Job Description
What you will do:
- Deploy, manage, and optimize Kubernetes clusters specifically tailored for AI/ML workloads, ensuring optimal resource allocation and scalability across different network configurations.
- Develop and maintain CI/CD pipelines tailored for continuous training and deployment of machine learning models, integrating tools like Kubeflow, MLflow, ArgoFlow or TensorFlow Extended (TFX) etc.
- Collaborate with data scientists to oversee the deployment of machine learning models and set up monitoring systems to track their performance and health in production.

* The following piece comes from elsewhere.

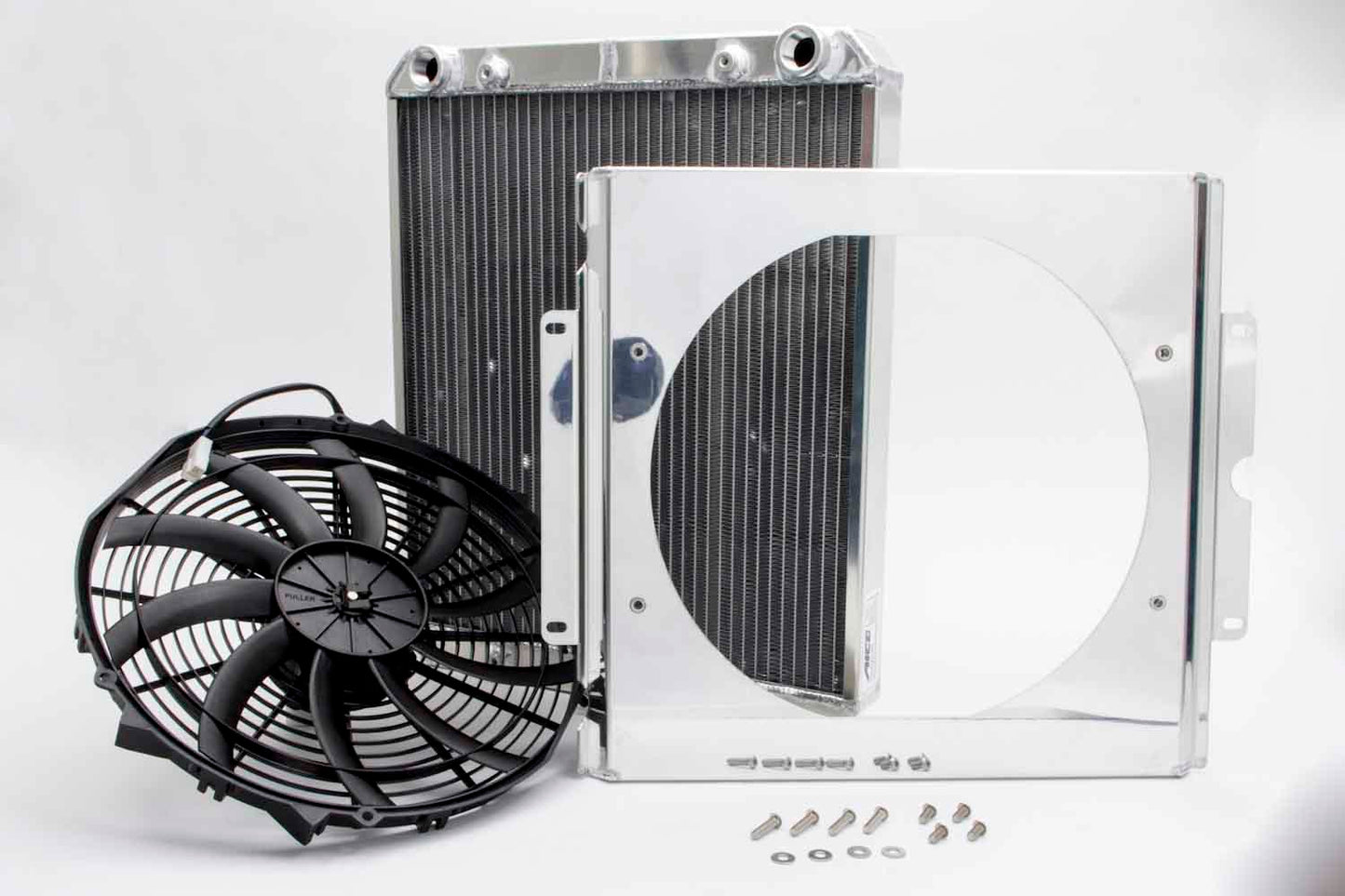 AFCO RACING PRODUCTS Dragster Radiator w/ Fan and Shroud AFCO RACING PRODUCTS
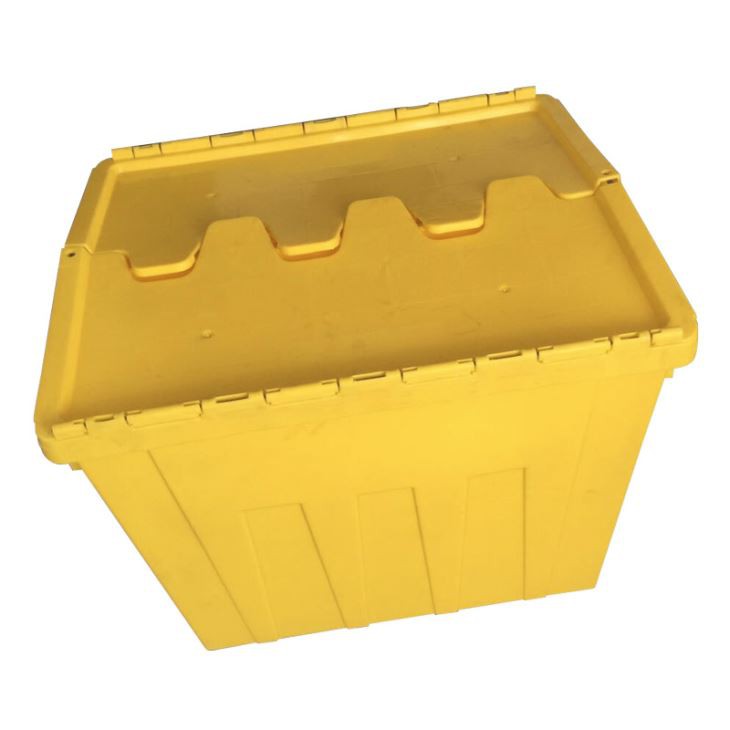 Durable HDPE Attached Lid Nest and Stack Containers for Storage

- Design and implement data pipelines for large-scale data ingestion, processing, and analytics essential for machine learning models, utilizing distributed storage and processing technologies such as Hadoop, Spark, and Kafka.
The skills you bring:
- Extensive experience with Kubernetes and cloud services (AWS, Azure, GCP, private cloud) with a focus on deploying and managing AI/ML environments.

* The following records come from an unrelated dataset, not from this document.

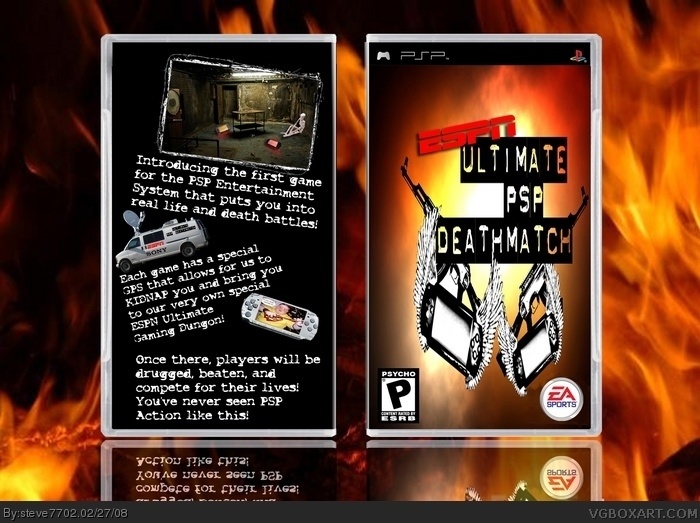 ESPN Ultimate PSP Deathmatch box art cover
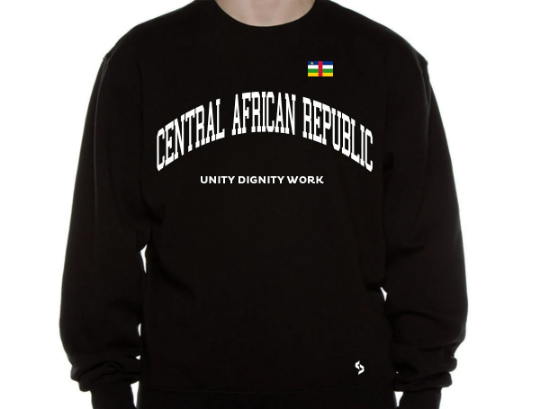 Central African Republic Sweatshirts / Central African Republic Shirt / Central African Republic Sweat Pants Map / Central African Republic
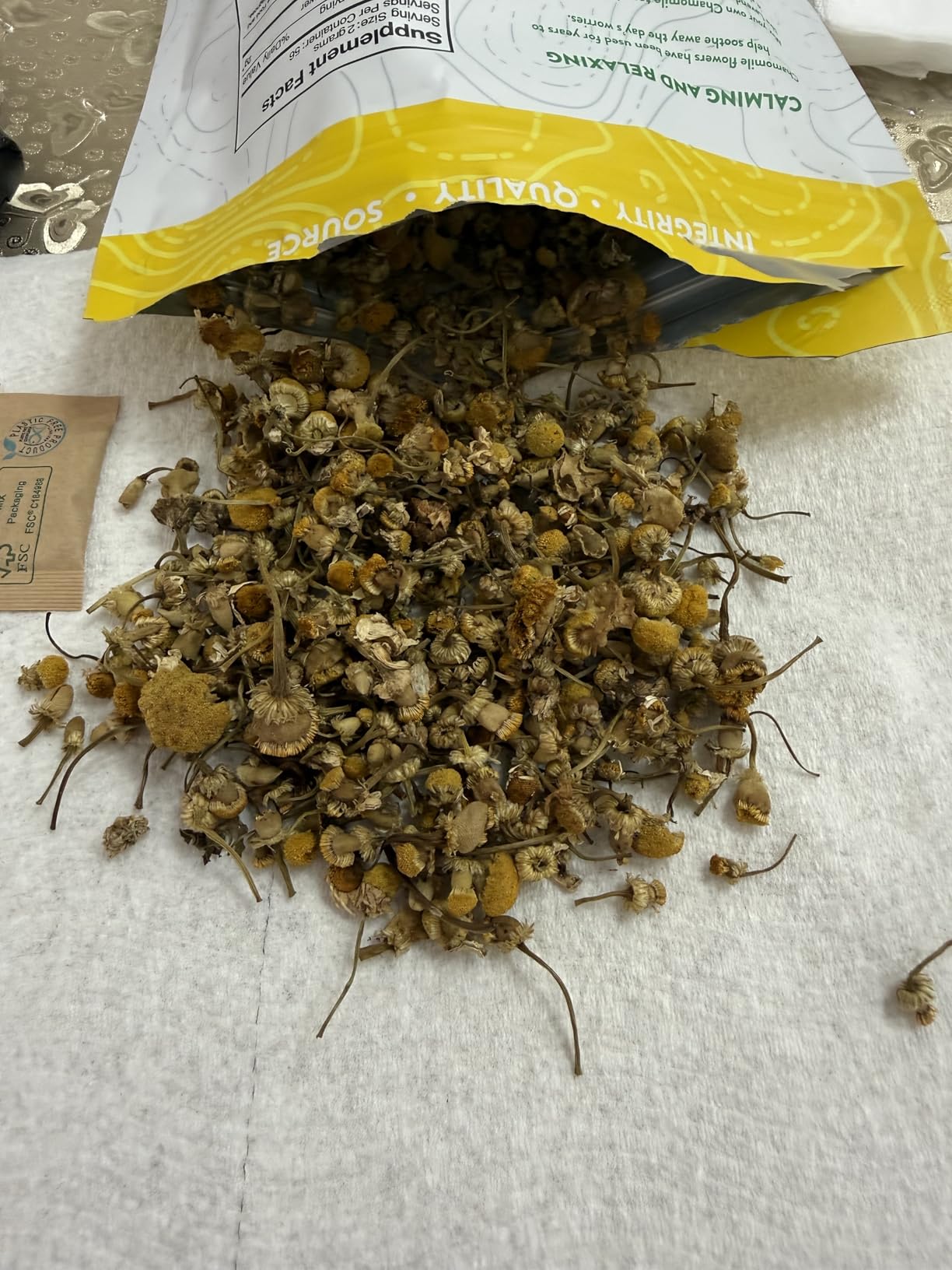 Organic Chamomile Whole Flower, Loose Leaf, Tea Leaves, 4oz (Packaging may vary) customer photo 2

- Strong proficiency in scripting and automation using languages like Python, Bash, Ansible and HasiCorp Terraform
- In-depth knowledge of data pipeline and workflow management tools, distributed data processing (Hadoop, Spark), and messaging systems (Kafka, RabbitMQ).
- Expertise in implementing CI/CD pipelines, infrastructure as code (IaC), and configuration management tools.
- Familiarity with security standards and data protection regulations relevant to AI/ML projects.
- Proven ability to design and maintain reliable and scalable infrastructure tailored for AI/ML workloads.